Python Programs, Scripts and Snippets
Using the CDK from Python | CATS Descriptors | Extracting pages from a PDF file | Spoofing the HTTP referer | Cheminformatics | Misc | PyBibTeX | PDF to HTML | Cellular Automata | Hydrophobicity Surfaces | KMail to Evolution | DNA representation
ringset.py is a snippet that will find the smallest ring in a
graph that contains a specified vertex. It is based on a breadth first search
and is described by Figueras in J. Chem. Inf. Comput. Sci., 1996, 36, 986-991
An implementation of the Figueras algorithm to determine the SSSR maybe found
here. The main file is fig.py which contains the actual SSSR search algorithm
alongwith the ring search algorithm described above. It utilizes graph, queue and set classes which are
included in the tarball. The test example is the graph corresponding to cubane.
HinFile.py: A class which holds the
details of a Hyperchem HIN
files. Pretty much documented and contains several helper
functions to manipulate the molecule data.
setbin.py and setbinmod.py: The latter provides
function which are used by setbin.py to generate sets in QSAR
studies (check out the ADAPT menu item, alongside) using the
activity ranked binning method. setbin.py is a replacement for
the original setbin program in the ADAPT suite.
setbinmod.py is
also used in ksomsetbin.py which
uses the results from a
KSOM
run to generate QSAR sets (using the binning algorithm)
morgan.py: An implementation of the Morgan algorithm
to get a canonical numbering of the atoms in a molecule. Currently it only takes
the Hyperchem HIN file format
as input. It requires the HinFile class to run.
Currently it is very simplistic:
cml101.py: This is a very basic
CML parser. Its more a proof of
concept (the concept being, I could parse CML :) and uses a SAX parser.

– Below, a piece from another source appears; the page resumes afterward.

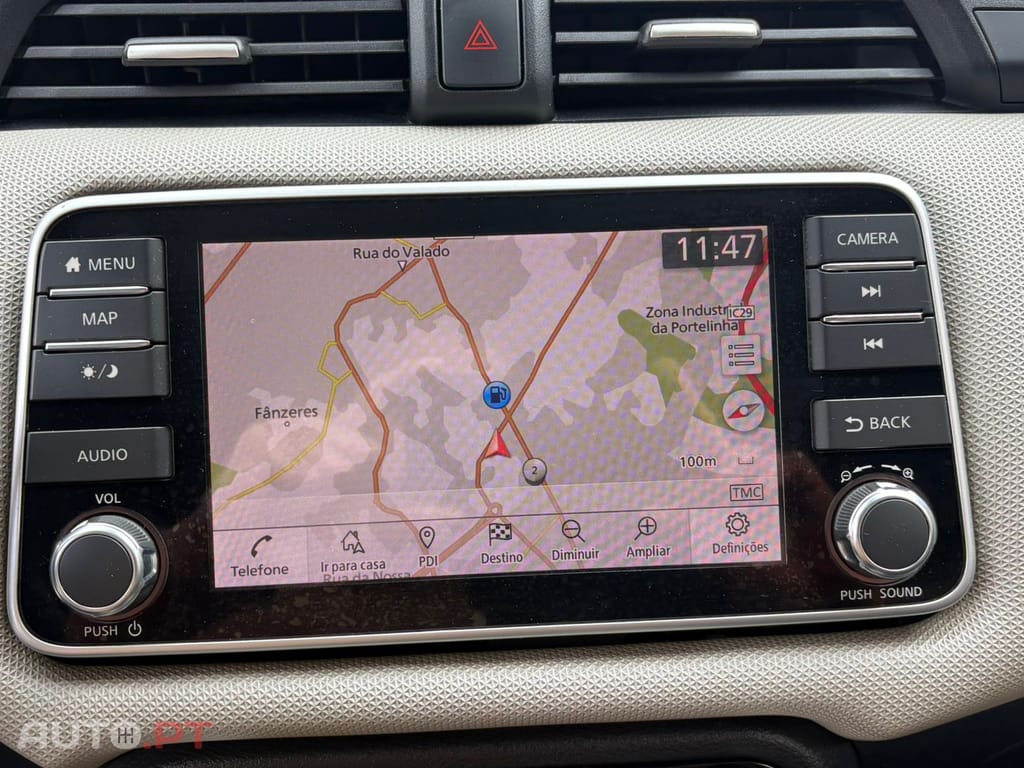 Nissan Micra 1.0 N-Connecta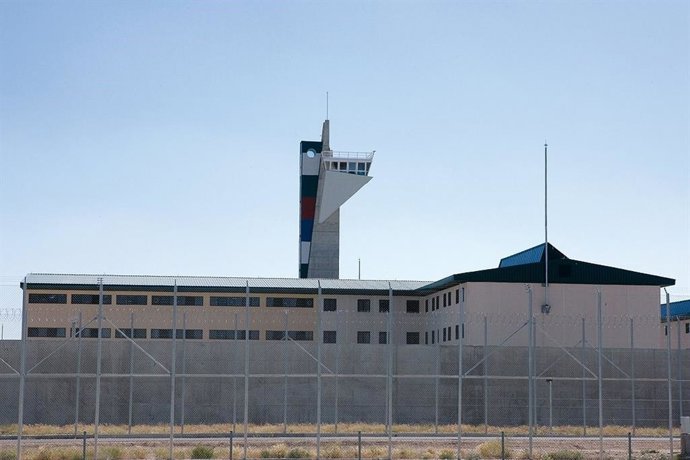 Archivo - Centro Penitenciario Madrid-VI en Aranjuez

CML looks pretty interesting as a way to store molecule
information independently
of vendor formats. It parses CML 1.01 and has no error handling, so unless
its supplied a correct CML file, it will probably crash. The information from a
<molecule> element is stored in a Molecule class - read the source for more
info on how the info is stored in the program.
gengrid.py: This code snippet will
generate a set of points on an N dimensional grid. It's useful
as a brute force method of parameter optimization. It requires
you to pass the axes which are defined as lists of numbers
(basically each axis corresponds to a single parameter and the
values of the axis correspond to the possible values of the
parameter). Thus in the 2D case if our axes are defined as
The the code will return 9 points: (1,1) , (1,2) ... ,
(3,2) , (3,1). For the 3D case we would get 27 points.
The problem with the code is that it runs in exponential
time so for 6 axes of length 5 or more, it can take
more than a few minutes to generate the grid. The use of copy.deepcopy()
also seems very inelegant. NOTE: gengrid2.py is a modification
of gengrid.py suggested by Simon Place which generates a
list comprehension expression which is then exec'ed. The
resulting code is much faster (though still exponential)
and is more elegant.
xbel2netscape.py: Converts
Galeon
bookmarks (output in XBEL format)
to plain HTML. Uses the expat parser and is pretty simple. I need to
fiddle around a little more with XML parsing.
run.py: A small script which provides a
pop up text box (uses
PyGTK)
to run a program, without having to open up a terminal.
Exam Score System: This is a set of
Python and shell scripts which manage the storage of test scores
in a MySQL database. Its a
pretty plain application, but shows how to get the values out of
a HTML form, store and retrieve data from a MySQL database, and
display the results as HTML.
Email -> HTML Email: A small
function that uses the Python email module to parse a mbox style
mailbox (KMail and mutt use this format) and generates an HTML
page with the individual mails formatted. Converts links and
email addresses to HTML links. Currently skips multipara mails
& mails that the email module chokes on.
Install: Extract the tarball and run bibgui.py
Currently an interesting feature is the ability to be used
from within a VIM session.
This is possible with vim.py, a
Python script that can be run by doing :pyfile vim.py
on a visible buffer. It assumes that the VIM program has
Python support compiled in. The procedure to use it is:
The connection between VIM and PyBibTeX is managed through a Unix
domain socket. Thus this setup could concievably be used
to interface PyBibTeX (if it gets to be usable!) to other
word processing packages (OOfice, KWord, AbiWord)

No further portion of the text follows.